因为我们的奖学金只要求我们完成80个小时的义务教学,而我在博士的第1个学期就做了120个小时,因此我之后完全可以不去当助教了。但是,在这3年里,我一直做的是前台助教————给学生上课、带学生做项目,有时还会给学生批作业。我是一个做事情很认真的人,对自己要求也很高,不愿意将就,所以常常备课很久直到自己满意为止,也会把自己上课的情况录下来,回去对着录像复盘改进。虽然做这些助教工作,学院会按照工作时间给一定经济补贴,但这微薄的收入与我的付出完全不成正比。
我听说过一些故事:助教在每周的课上给学生放录像甚至干脆请假,又为了讨好学生,给他们期末打满分。学生们看自己不需要上课还能拿高分,自然开心地在对该助教的教学评价反馈上打高分。因为高分的评教,学院惊呼一定要留下该人才,于是授以该助教更高的奖学金,以求其继续教学。说这个并非谴责该助教,我知道这种情况是现有考核规则和制度下的产物,该负责任的是那些设计和维护这个体系的人。
话说回来。我愿意做这个事情,一方面是因为我想要借此机会让自己与年轻人多接触。人一直都是社会的动物,是社会性让人成为人。
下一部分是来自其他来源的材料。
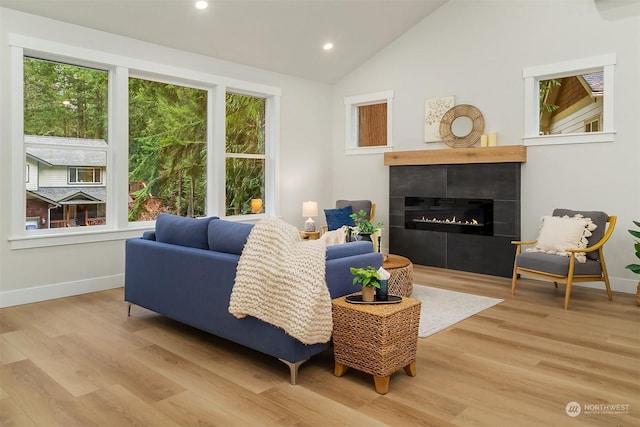 living room featuring lofted ceiling, a fireplace, and light wood-type flooring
智人从来没有尼安德特人聪明、强壮,智人能够灭绝尼安德特人,靠的就是他们惊人的社会性。与人联结,是刻在我们基因里的需求。我很享受将自己的想法和见解,借助上课,输出给比自己年轻的学生;我也很享受与他们的交往。我是一个内向的人,我比较喜欢独处,对我来说有一个小小的社交圈就好,不需要也很讨厌到处交朋友。教学这个行为,其实是让我能够戴上一副面具,在一个既定的体系、框架下,与他人产生联结。这种联结不涉及利益,只是纯粹的知识、经验的交流沟通,大家对彼此都没有实质的期待和要求,因此也没有压力。
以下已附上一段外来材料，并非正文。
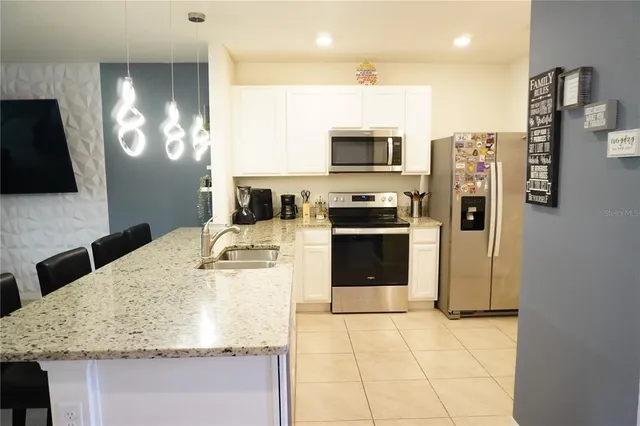 a kitchen with stainless steel appliances granite countertop a sink refrigerator and microwave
另一方面,是因为我想要多多体验。我的人生哲学一直是体验,在很多随笔中也能看见我或显式或隐式地表达着这种理念。体验的目的是塑造自己的记忆、赋予自己做选择的自由(这是一个非常存在主义的表述……)。体验新事物,实际上是在试探自己的边界,而只有不断地触碰自己的边界,才能知道自己的边界在哪里。
触碰边界为什么重要呢?对我们来说,困难的从来不是“如何做好这件事”。“如何做”只是一个技术问题(technical problem),解决技术问题是不会因为一个人聪明一点或者笨一点就产生差异的,至多只是花费时间长短的问题。真正困难的,是我“想不想做好这件事”。之所以“想不想”很重要,是因为就算“如何做”是一个总能解决的技术问题,但是解决任何问题都是需要代价的,一个普通人不可能有足够的能量去解决所有遇到的问题。因此每一次选择都需要权衡利弊,思考这是否值得我这么做。而这种“想不想”的关键就在于,我是否了解我自己,换句话说,我的边界在哪里。
教学对我来说就是一个新的、有挑战性的体验:我体验了,发现还不错,而且这种体验每次都能给我带来不一样的发现,所以我到现在还在一直做着。
观察
因此,这次到法国来,老师问我他们可以帮助我什么,我说我想给学生上课,老师便给我安排了。我以为会是像我在新国大一样,每周给学生上课,但是实际上我要做的是在开篇说的,带学生做项目,参与他们的讨论。
我原本以为,法国的学生,他们没有在中国这么压抑高压的成长环境下长大,思想也更加开放包容,应该会很“聒噪”、“轻浮”吧。但是事实却不是这样,大家都很沉稳、认真,甚至在与我的沟通中有些羞涩。具体来说,在每一周的课上,学生组成不同小组,研究他们的课题,有问题便找我和老师讨论。大部分时间都是他们自己在钻研问题,我和老师常常在最后无所事事,以聊聊家常结束。这和我在新国大的经历完全不同。在新国大,我经常遇到学生问我“蠢问题”,很多问题其实只需要查一下就能找到答案;新国大的学生也很应试,往往只会在临近考试的时候,对我发起密集的问题轰炸。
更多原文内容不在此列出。